When the World Health Organization declared SARS-CoV-2 a global pandemic in March of 2020, people were not only unprepared, but shocked. UNC researchers Ralph Baric, Mark Heise, and Nat Moorman were not among them.
Soon after the outbreak was considered a pandemic, collaborators Baric, Heise, and Moorman, met up to discuss the future.
The 21st century has seen eight epidemics and pandemics from zoonotic viruses — pathogens that jump from non-human animals to humans — including SARS, MERS, Zika, Ebola, and of course, SARS-CoV-2. Even so, seeing the potential for an outbreak is very different from being prepared for one.
“Most everyone agreed that the basic science that had been done between 2003 and 2019 indicated that the zoonotic pool was filled with virus strains poised to cause human disease. It was just a matter of time,” says Baric, a professor of microbiology, immunology, and epidemiology.
In early 2020, this fear became a reality.
“We were kind of just lamenting the fact that here we were again: another pandemic and no drugs ready to go. Nothing approved,” says Moorman, an associate professor of microbiology and immunology. “We knew we were going to have to go through this the same way we’d gone through every other pandemic.”
This frustration was the impetus for them to reevaluate the typical approach, and the Rapidly Emerging Antiviral Drug Development Initiative (READDI) seeks to do that. This collaboration between scientists at the UNC School of Medicine, the UNC Eshelman School of Pharmacy, and the UNC Gillings School of Global Public Health was created to not only combat SARS-Cov-2, but also future viral outbreaks.
“Rather than being reactive, we want to make sure that during the next pandemic — and there will be a next pandemic — we aren’t doing what we’re doing right now. We want to be prepared with approved drugs and therapeutics to allow the public health system to respond effectively,” says Heise, a professor of microbiology, immunology, and genetics.
READDI is focused on alphaviruses, flaviviruses, and coronaviruses — viral families with proven potential to cause epidemics and pandemics that also lack existing, approved therapeutics and vaccines. They hope to develop five broad-spectrum antiviral drugs and achieve phase-one human safety testing in five years.
The most obvious challenge in this endeavor is that they are targeting emerging viruses, meaning they have yet to be discovered. Two tactics help overcome this: The first is the development of broad-spectrum antivirals. Like broad-spectrum antibiotics — which attack a host of bacteria instead of one specific type — broad-spectrum antivirals work across most, if not all, viruses in a particular family.
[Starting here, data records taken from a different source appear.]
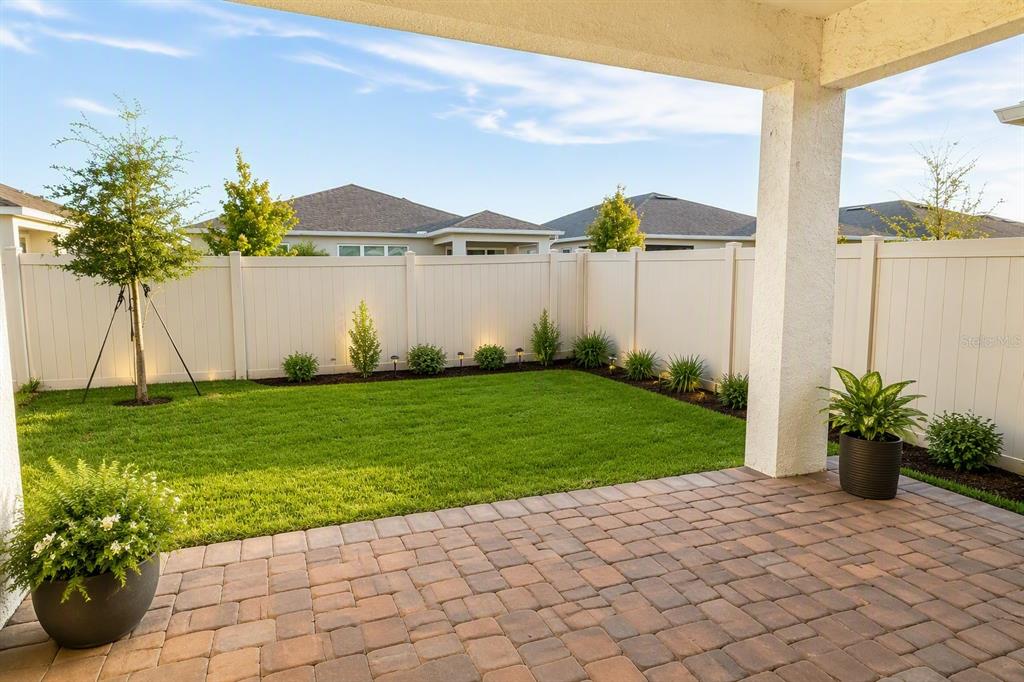 A paved patio overlooks a fenced backyard with a small lawn and young landscaping — 2756 SUMMER RETREAT LANE, KISSIMMEE, FL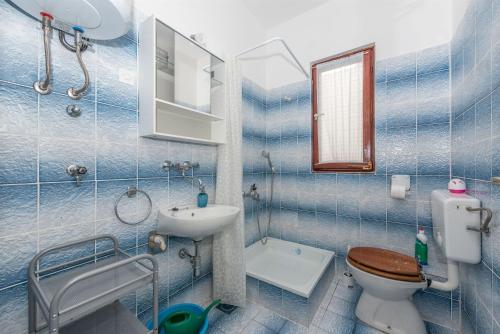 a blue tiled bathroom with a toilet and a sink at Apartment Mili in Betina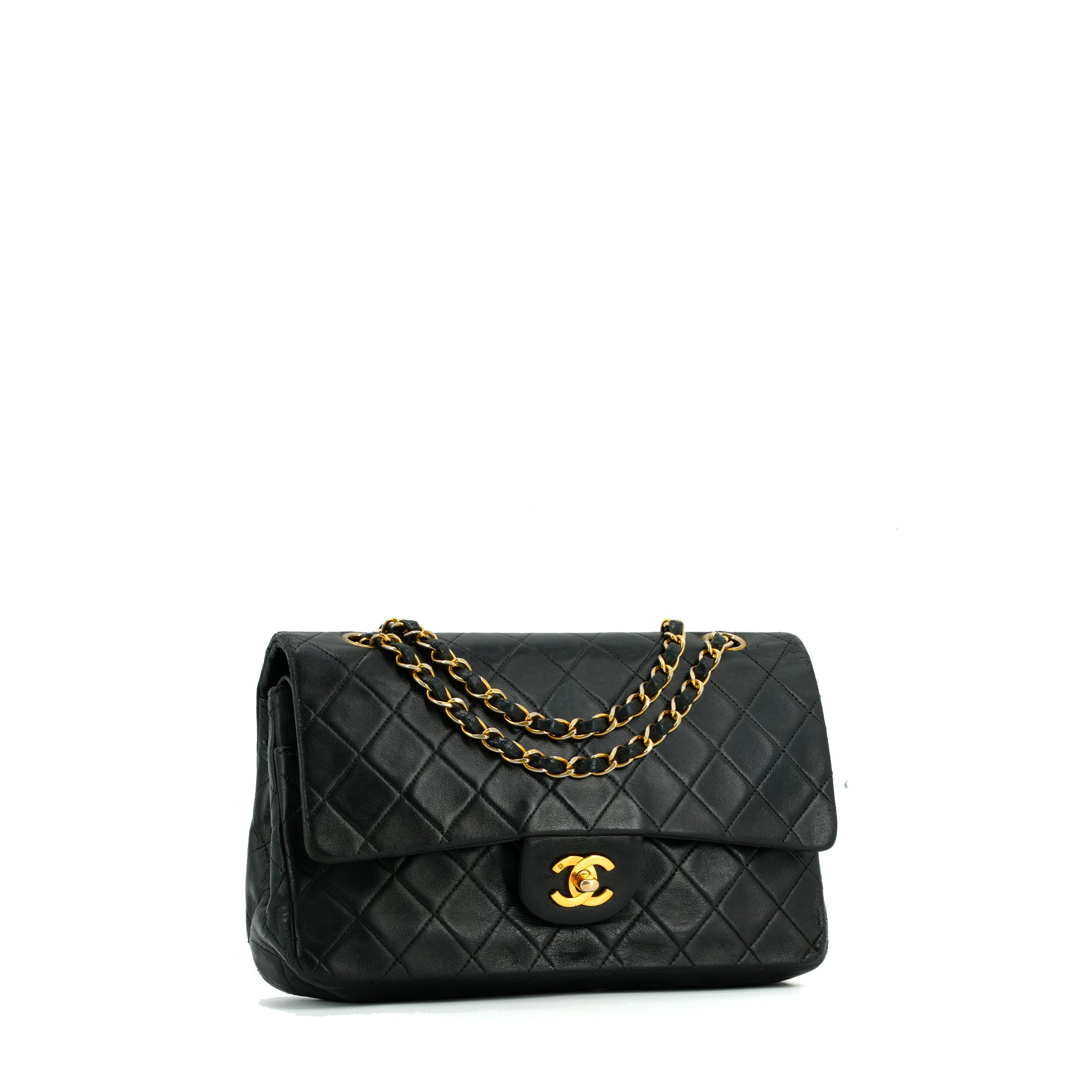 CHANEL - Sac à main Classique/Timeless medium Chanel en cuir matelassé noir vintage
The second strategy involves focusing on the host instead of the virus itself.
When a virus attacks a host cell it begins making changes within the cell to create the optimum environment for its replication. By focusing on blocking those cellular changes instead of the virus itself, scientists can begin creating drugs for viruses with sequences not yet known.
“There’s lots of evidence to support that across a virus family, all the members use a common strategy to do that,” Baric says. “So if you can target those pathways, you can develop broad-based drugs that would work against all members of that virus family.”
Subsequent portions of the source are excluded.